Scheduled integrations generally fall into one of the following:
- Scheduled data import
- Scheduled file import
- Scheduled file export
Scheduled data import integration
You'll use a scheduled integration to import when you have a third-party API that does not have webhooks or another pub/sub system. If a pre-built component is available, then you will use that. If a pre-built component for this third-party app isn't available, you'll need to build a fully fleshed-out custom component that wraps the various API endpoints containing the data the integration will query. The API then processes the query and returns the requested payload.
Your reusable custom component for import
In the event-driven import section, we talked about how you'll want to build a custom component for your app that can accept any data you need to import. The good news is that once you've built that component, you can also use it here within a scheduled import integration. It doesn't care how the data was sourced; all it cares about is taking the payload from Prismatic and providing it to your API.
Scheduled file import integrations
Some third-party apps may be configured with a file export instead of an API, which is more common with non-SaaS (legacy) systems. In this case, the app may write out data as PDF, XML, CSV, or another file type to an external data source such as Dropbox, SFTP, MS SQL, Queue, etc. To import this data, you'll build an integration that checks the location(s) according to a regular schedule to see if there are new files to process.
When there is new data within the location (for example, new XML files in a Dropbox folder), the third-party custom component you've built for your integration will loop over each of the files, process the files, and then move or delete the processed files. As with other scheduled integrations, this still is not near-real-time but can be current within a few minutes of the file(s) being placed in the external data source.
Scheduled file export integration
We tend to see this type of integration where you generate a regular report for your customers. You set up an integration where you are either querying your API (for your app) or a third-party API for specific data.
Once the data has been returned, your integration generates a file with the data in the necessary format (PDF, XML, CSV, etc.) Finally, this file is packaged up and sent off to its destination (which could range from a filesystem to email or SMS).
You should be able to use a built-in Prismatic component to handle the part where the file is placed into a filesystem, sent via email, etc.

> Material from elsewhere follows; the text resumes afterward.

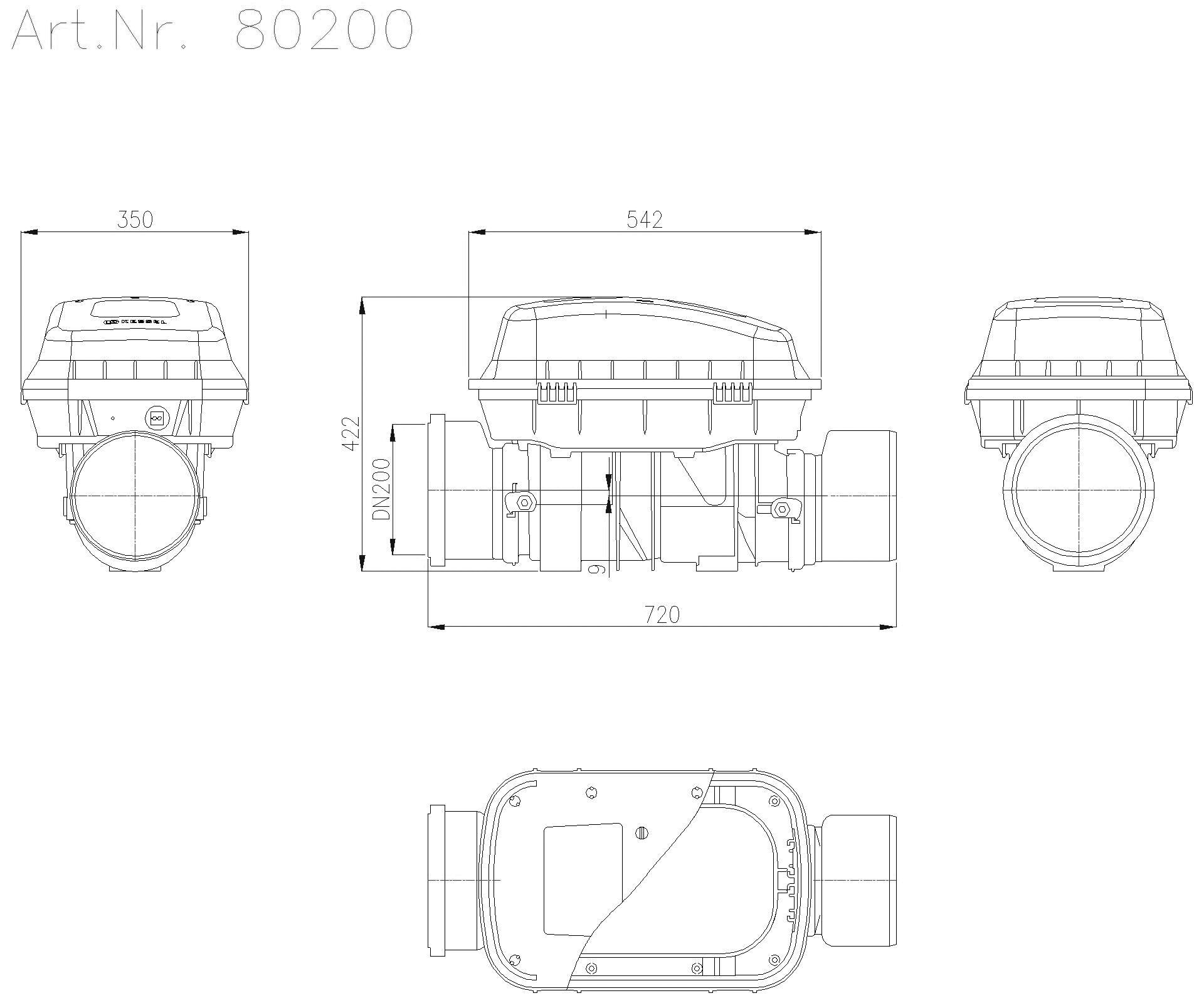 KESSEL-Reinigungsrohr Controlfix DN 200, freiliegende Abwasserleitung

A synchronous integration may be what you need if you have data from a third-party app that you must have right now. An integration of this type calls an integration URL and then waits for a response.
If a synchronous integration is working quickly and has very little to no lag between the call and the response, then the integration should work well. However, if the integration takes a while to run (much data to process, the third-party app is slow in fulfilling requests, etc.), that makes the integration susceptible to network disconnects and timeouts.
You are probably better off building this as a two-way asynchronous integration. Then, the integration can send off the request and "hang up." When the integration completes the process, it can "redial" to return the requested data.
As noted, hybrid integrations are some combination of other integration types. For example, suppose that your app supports webhooks, but the third-party app you are working with only has an API with no webhooks. As a result, you might build a hybrid integration where you have an event-driven export from your app but are running a scheduled data import from the third-party app. Instead of setting this up as two separate integrations, you would be able to combine them in the same integration with distinct flows.